Foto: do acervo de Francisco das Chagas Rocha
Francisco conta ao
Olhar Direito que perdeu o contato com ele ao longo dos anos. Telmo nunca ficava fixo em algum lugar que morava por muito tempo, sempre mudando-se de bairro a bairro quando julgava necessário. A perda de contato foi inevitável, não só com Francisco, mas com boa parte de seus amigos da época que também só ficaram sabendo de seu paradeiro no último ano de sua vida.
Os pouquíssimos parentes ainda vivos também não tinham contato com Telmo, e muitos só apareceram por conta de sua morte. Seus irmãos eram os únicos com quem tinha uma certa proximidade, principalmente Benjamin, que também era homossexual. O segundo irmão, Ivo, mora no CPA, mas ninguém sabe de seu paradeiro, mesmo após a morte de Telmo.
Identificado por amigos e familiares próximos como gay, Benjamin atendia e era conhecido por todos pelo nome de Sheyla, em uma época onde debater sobre transsexualidade era impensável e inalcansável. O irmão, com o passar dos anos, mudou-se para o Rio de Janeiro, capital, após conhecer a Família Matozzo, fazendo com que os dois também perdessem o contato.

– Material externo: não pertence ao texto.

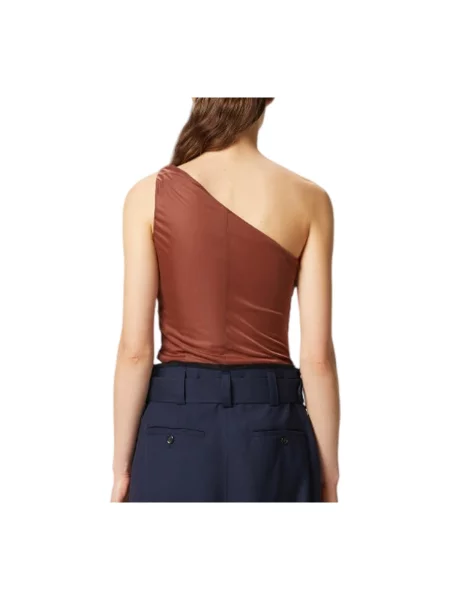Top Pinko maro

Em 2018, enquanto travava uma batalha contra o câncer, Telmo queria tentar um novo contato com Benjamin, mas descobriu que ele havia morrido. Francisco foi quem tentou contato com o irmão, por meio de Adelaide Queiroz, quem já havia encontrado ele no Rio algumas vezes.
A batalha contra o câncer aconteceu na última de tantas residências que ele já tinha morado: uma humilde kitnet localizada no Jardim das Palmeiras. Com um salário mínimo de sua aposentadoria, Telmo usava mais de um terço somente para o aluguel, enquanto o restante era destinado para remédios e transporte.

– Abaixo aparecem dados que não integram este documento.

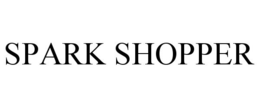 SPARK SHOPPER trademark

Sem o irmão que tanto amava e sem muitos de seus amigos de longa data, Telmo enfrentou o câncer com a ajuda de pessoas que só entraram em sua vida em 2018. Muitos que contribuíram para sua sobrevivência foram aqueles que conheceram sua história ou ficaram sabendo de seu paradeiro por conta do grupo de Facebook Cuiabá de Antigamente, famoso pelo saudosismo por uma capital que não existe mais.

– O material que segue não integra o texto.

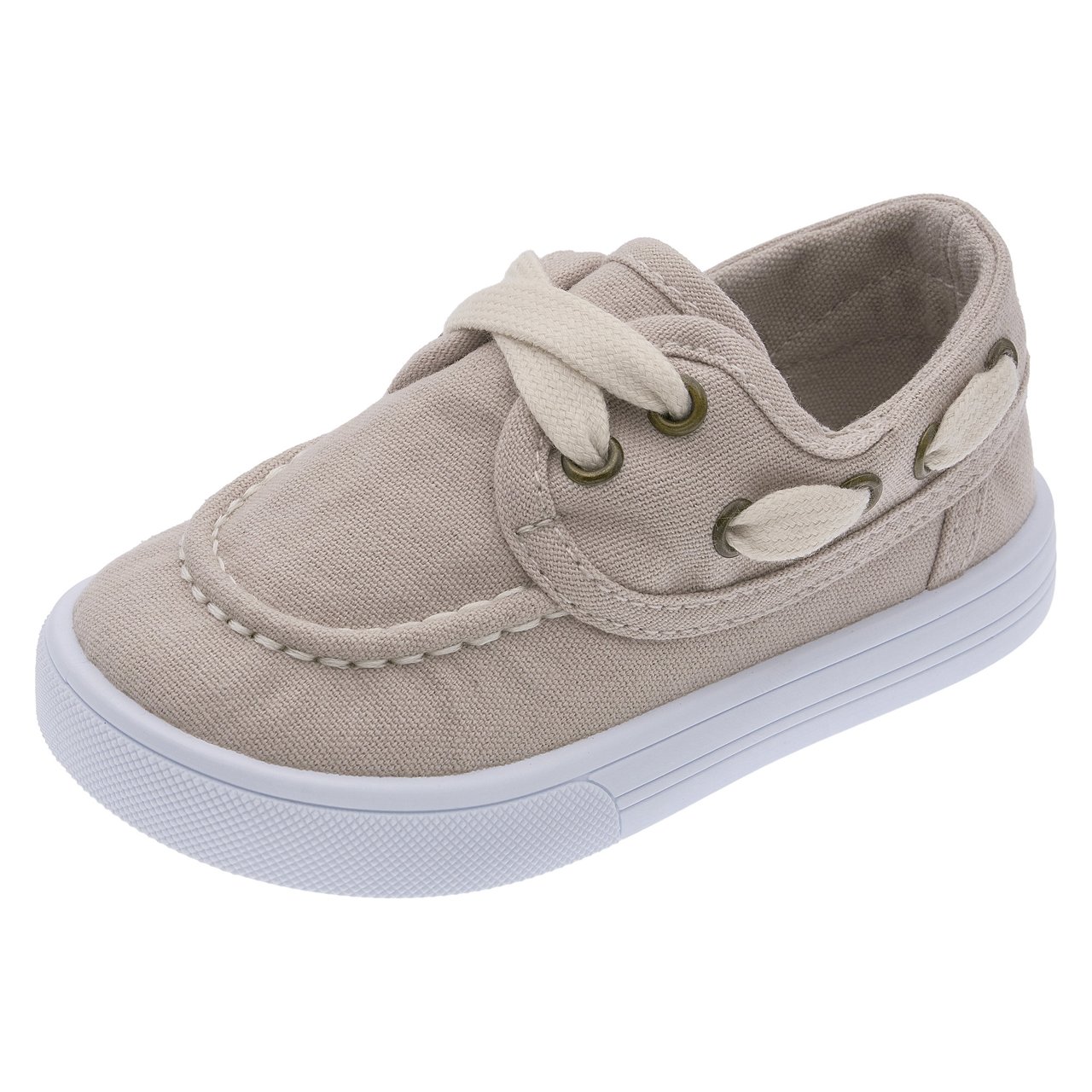 Sneakers bambino Churro Chicco - 0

Com o agravamento do câncer, Telmo precisou se submeter a quimoterapia, conhecido por ser extremamente invasivos, com diversos efeitos colaterais, e com Telmo não foi diferente.
Antes de se envolver com a escola de samba Deixa Cair em 1967, Telmo já era conhecido pela alta sociedade cuiabana por conta de suas casas noturnas, que esteve envolvido até 2009. A soberania não é surpresa já que Telmo “molhava as mãos” dos policiais para manter tudo em ordem, como conta Francisco. Já as prostitutas, ou as “meninas dele”, como o próprio dizia, vinham de várias partes do Brasil. Elas, inclusive, o visitaram em vida, e algumas delas até com seus respectivos filhos.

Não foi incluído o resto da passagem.